Mitchell learned that the hard way when his team started the season a disappointing 5-5 with a loss to a team (East Tennessee State) that no Southeastern Conference team should lose to in its home gym.
It was a low point for Mitchell and his team.
"We had a lot of basketball in front of us," he said. "We'd had 10 games and we were 5-5 and we certainly weren't happy about that, so you can either be stubborn to a fault or you can make some adjustments."
Normally when coaches talk about an attitude adjustment, they are talking about getting one from the players.
Not Mitchell. He had his own attitude to adjust.

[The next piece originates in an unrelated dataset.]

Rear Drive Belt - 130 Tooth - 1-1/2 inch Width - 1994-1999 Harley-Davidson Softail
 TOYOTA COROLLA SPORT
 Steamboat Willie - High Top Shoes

At the prompting of a well-intentioned assistant, the second-year UK coach decided to try a different approach with his team.
"With this particular group, it's extremely important to focus on successes they have," he said. "I've had to try to coach them in a manner that best suits their personality. ... It's yell less, teach more with this group."
It seems to be working. Since a loss at Louisville on Dec. 14, the Cats have won seven of their last eight games. That lone loss was at No. 7 Tennessee, a game where Kentucky was in it before falling in the waning minutes 69-64.
The changes in Mitchell have not been lost on his players.
"He's a lot more positive and encouraging," junior guard Amani Franklin said. "He gets on us when he needs to, but he's been a lot more encouraging. We feed off of that and we execute and we're able to make plays.
"With him being that way the last few weeks or so, we're able to go to a different level and win games."
These changes have shown in the play of sophomore Carly Morrow.
In her first 10 games of this season, Morrow was averaging a mere 5.2 points and 1.6 rebounds. She was shooting 25.8 percent from the field and 23.8 percent from three-point range.
But since then, she's averaging 12.3 points and 3.0 rebounds while shooting 39.3 percent from both the field and behind the three-point line.
Morrow isn't the only player who has seen her stats improve dramatically and it's certainly not all thanks to her coach's attitude adjustment, but some of it can be attributed to that.
"I don't know how to explain it," she said. "Before it was him letting us know how it needed to be, now it's him letting us have the time to fix it. We're setting the standards now."
She pointed to a practice recently in which the team missed six layups in a 10-minute span. The coach didn't raise his voice despite his obvious displeasure.
"You could tell he was over there getting angrier and angrier, but he didn't say a word," Morrow said. "He let us work it out.
"That's when everyone caught on that he's changed from a more aggressive style of coaching to this new coach. Everyone's more aware of it now."
But don't think Mitchell lets his team get away with making mistake after mistake. And definitely don't go as far as to compare Mitchell to a UK cheerleader — even though he says with tongue firmly planted in cheek that being a cheerleader has always been "a life goal."
"Cheerleaders are always cheering and it doesn't matter what's going on in a game, the cheerleaders are still cheering. I don't want to be that," he said. "I want to be an encourager and more of a teacher."
It's an attitude adjustment that has made his players stand up and cheer.
"We've all come to a kind of understanding that this could be a special season if we just learn how to talk to each other," Franklin said. "We're learning how to do that more every game."